Exercise: Begin at the top of the records below and return each line exactly through the line with "1675 Rodeo St Lochbuie, CO 80603". Skip pictures.

Record excerpts:
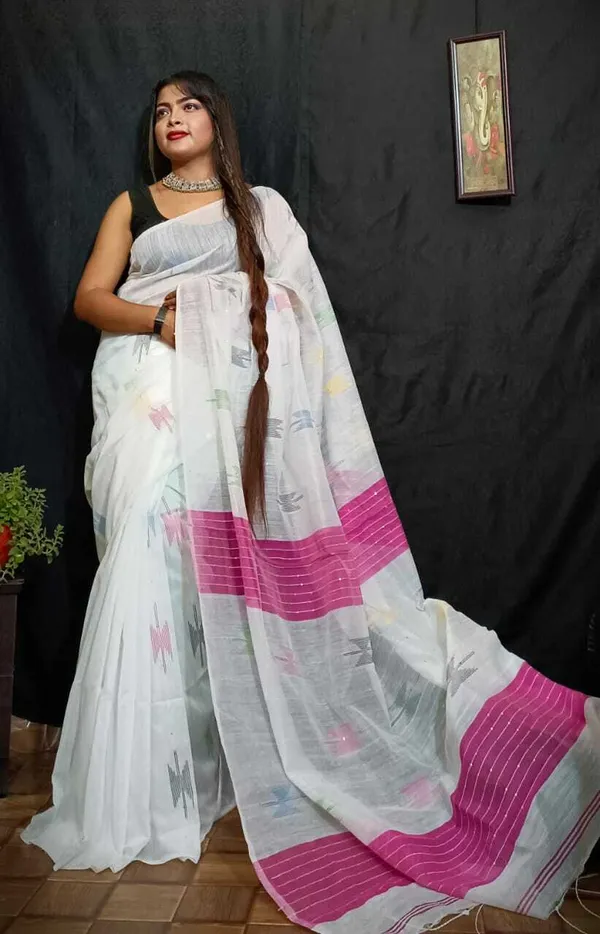 White_Self_Design_Ikat_Cotton_Silk_Saree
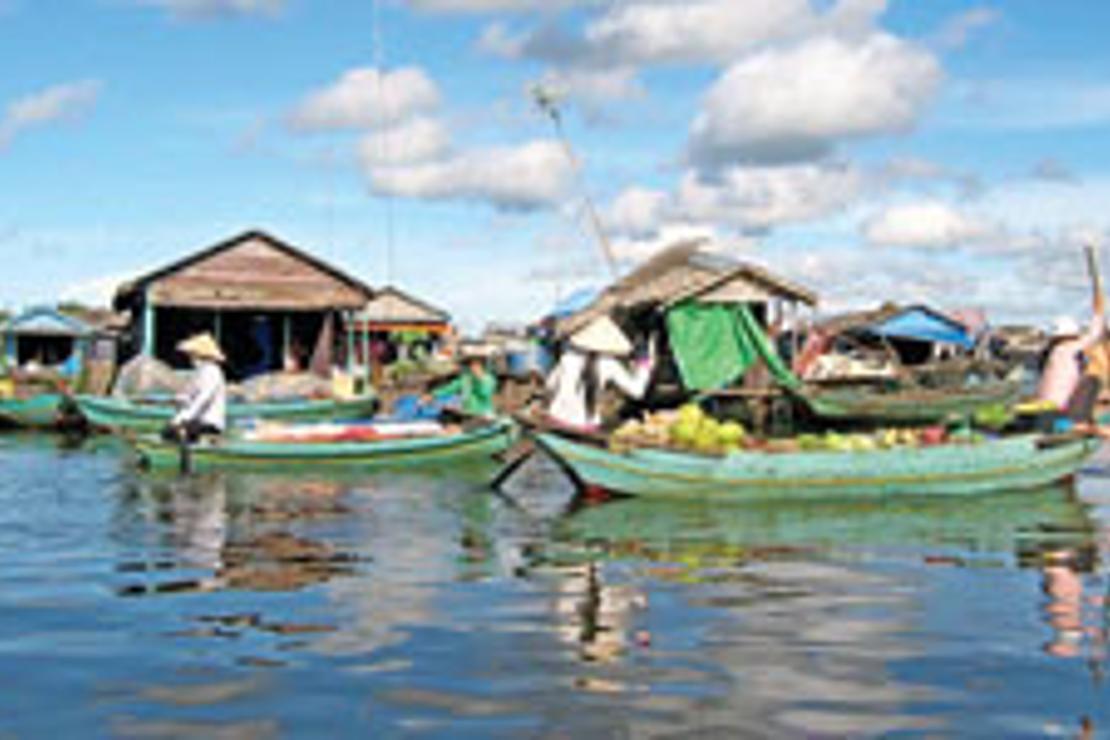 Kompong Luong’da hastane ve kilise bile suyun üstünde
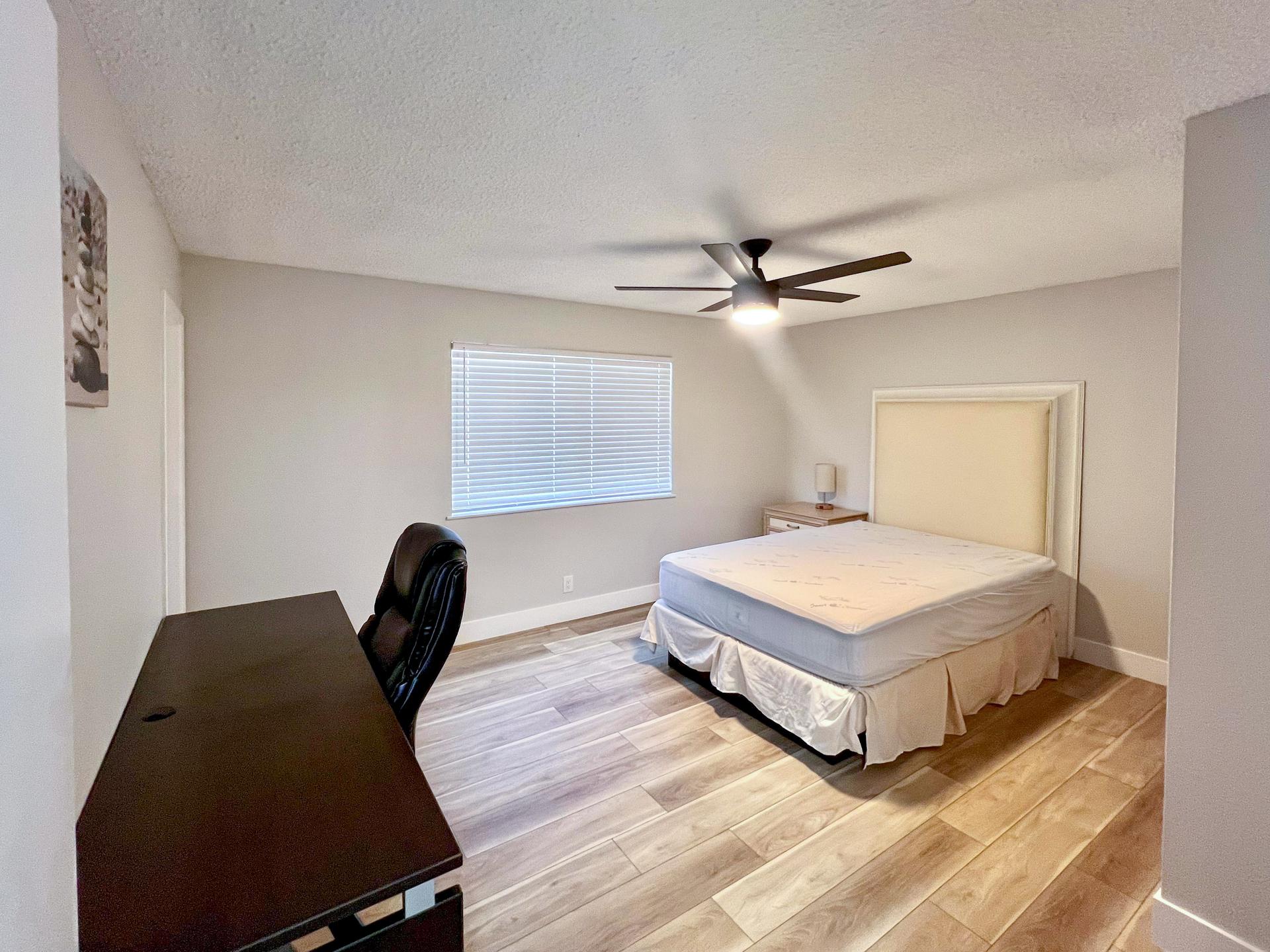 bedroom, detected:ceiling fan, window blind, bed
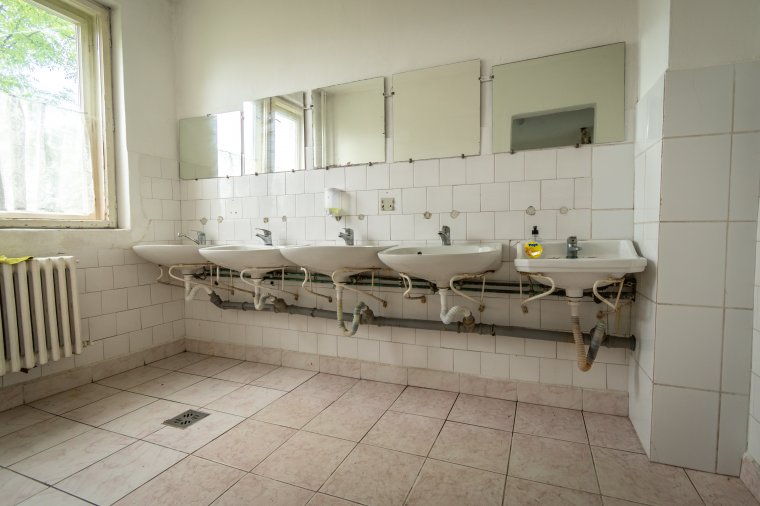 Nyomoz a rendőrség a kórház mosdójában meghalt rezidensorvos ügyében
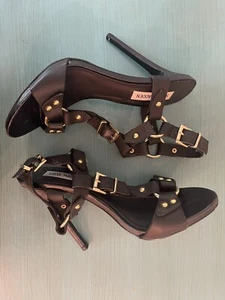 Steve Madden T-Strap open toe hell sandals with gold buckles Size 8M Minkah - Picture 1 of 4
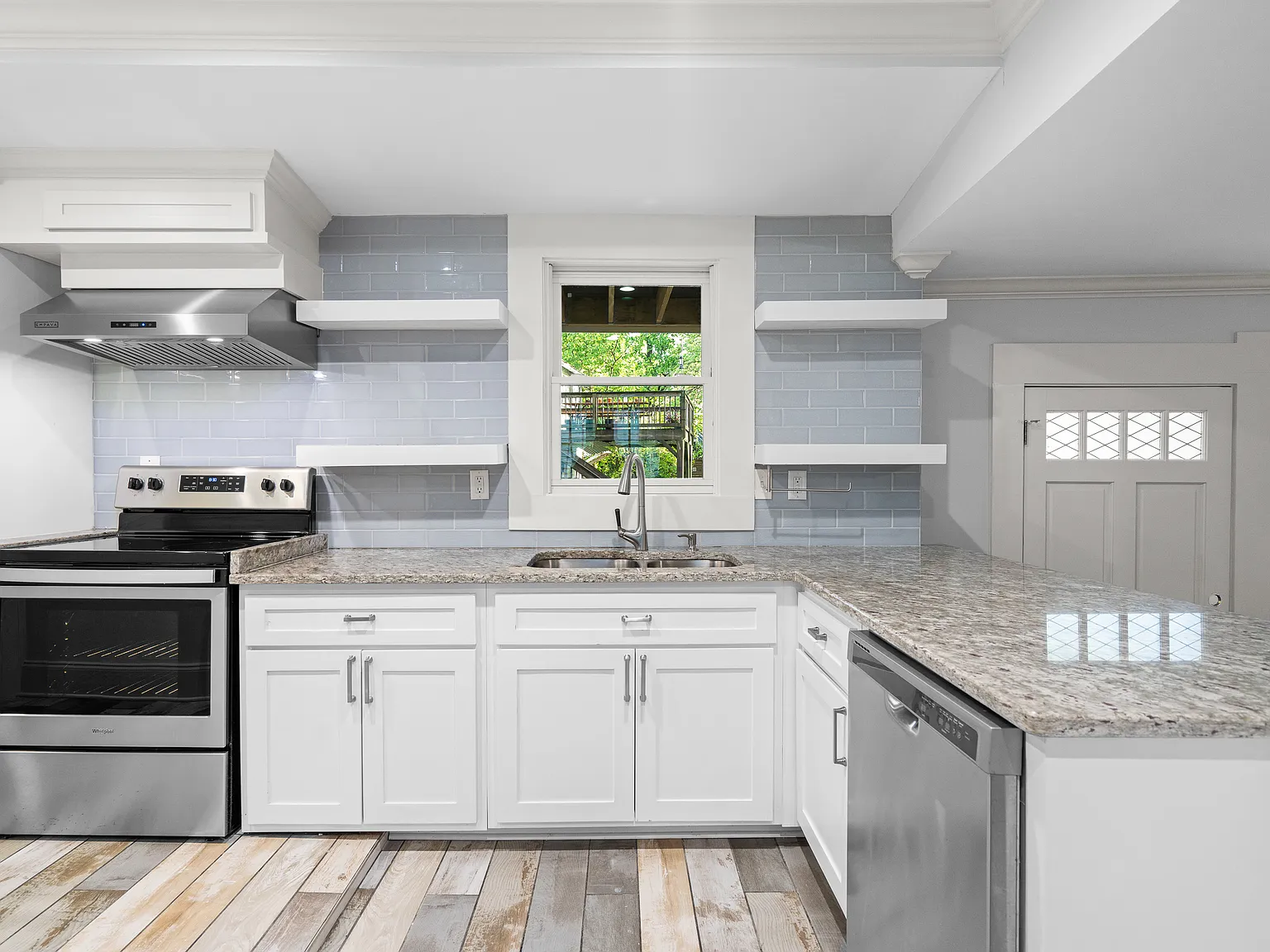 1 bed, 650 sqft, $1,600 — Photo 3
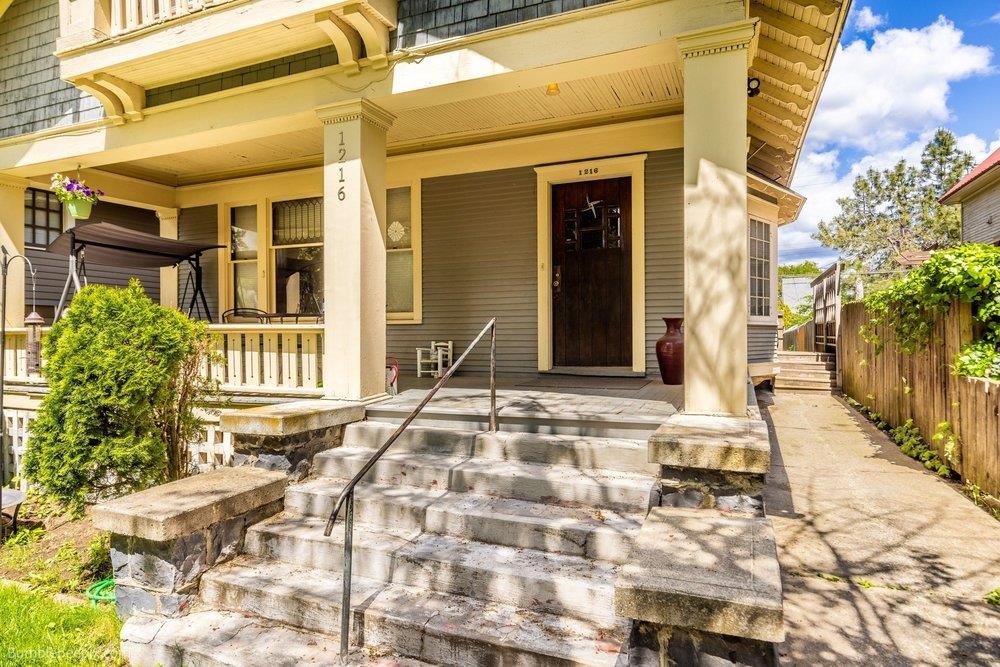 1216 W 11th Ave - Photo 2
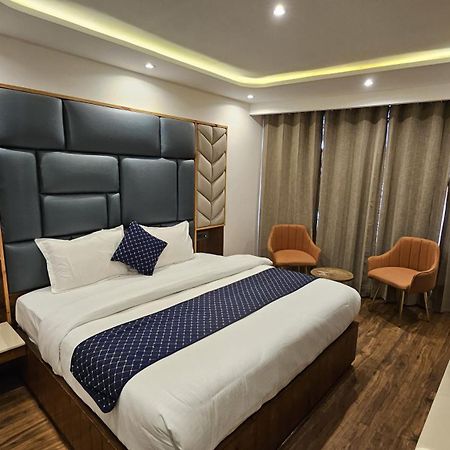 Mountain Zest- Simla Royale Near Mall Road Free Pickup From Railway Station Simla מראה חיצוני תמונה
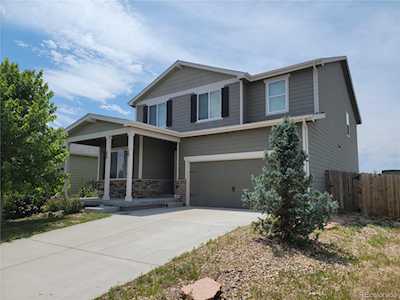 1675 Rodeo St Lochbuie, CO 80603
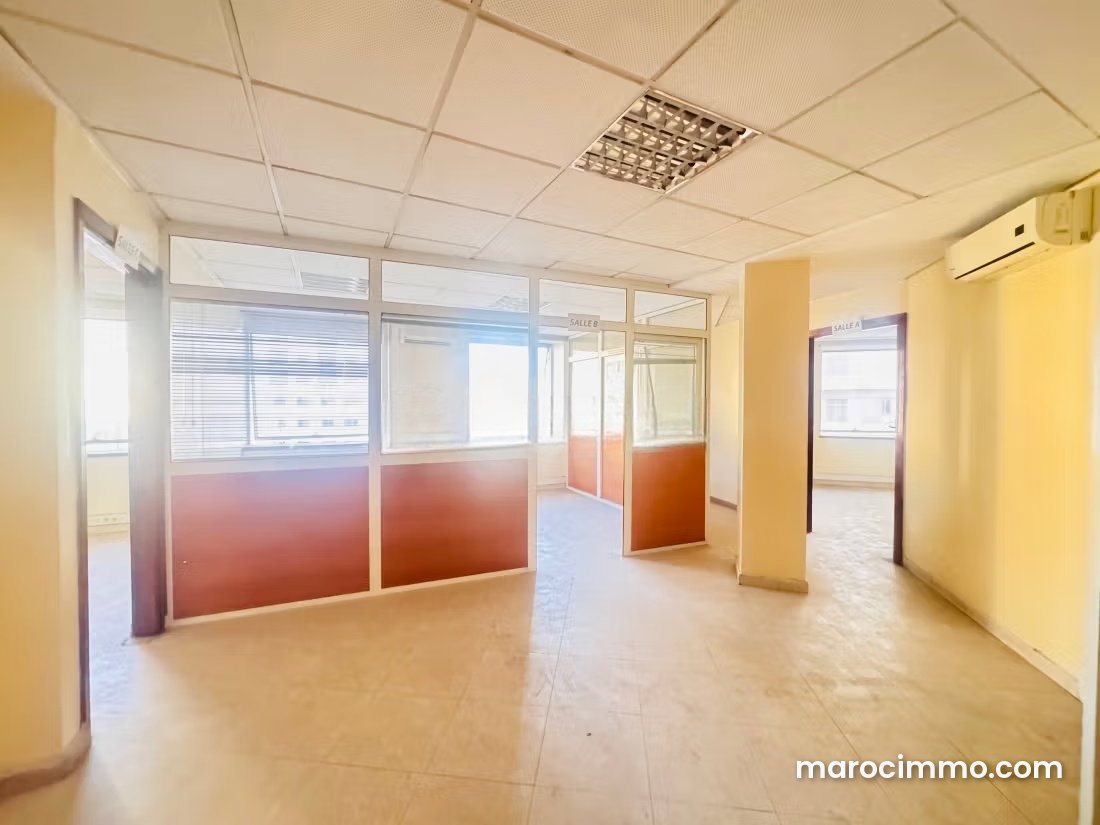 69 m² Office with Garage, Casablanca City Centre — Casablanca
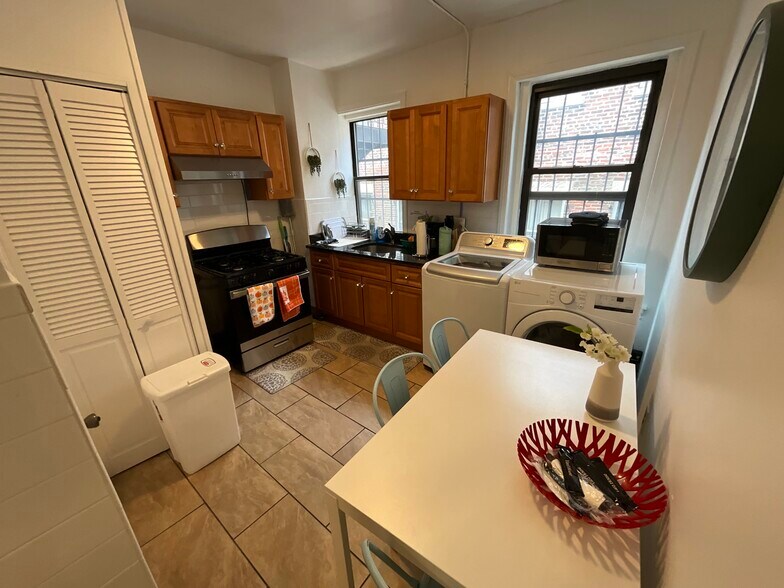 Building Photo - 871 Harrison Ave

Answer for the task:
 White_Self_Design_Ikat_Cotton_Silk_Saree
 Kompong Luong’da hastane ve kilise bile suyun üstünde
 bedroom, detected:ceiling fan, window blind, bed
 Nyomoz a rendőrség a kórház mosdójában meghalt rezidensorvos ügyében
 Steve Madden T-Strap open toe hell sandals with gold buckles Size 8M Minkah - Picture 1 of 4
 1 bed, 650 sqft, $1,600 — Photo 3
 1216 W 11th Ave - Photo 2
 Mountain Zest- Simla Royale Near Mall Road Free Pickup From Railway Station Simla מראה חיצוני תמונה
 1675 Rodeo St Lochbuie, CO 80603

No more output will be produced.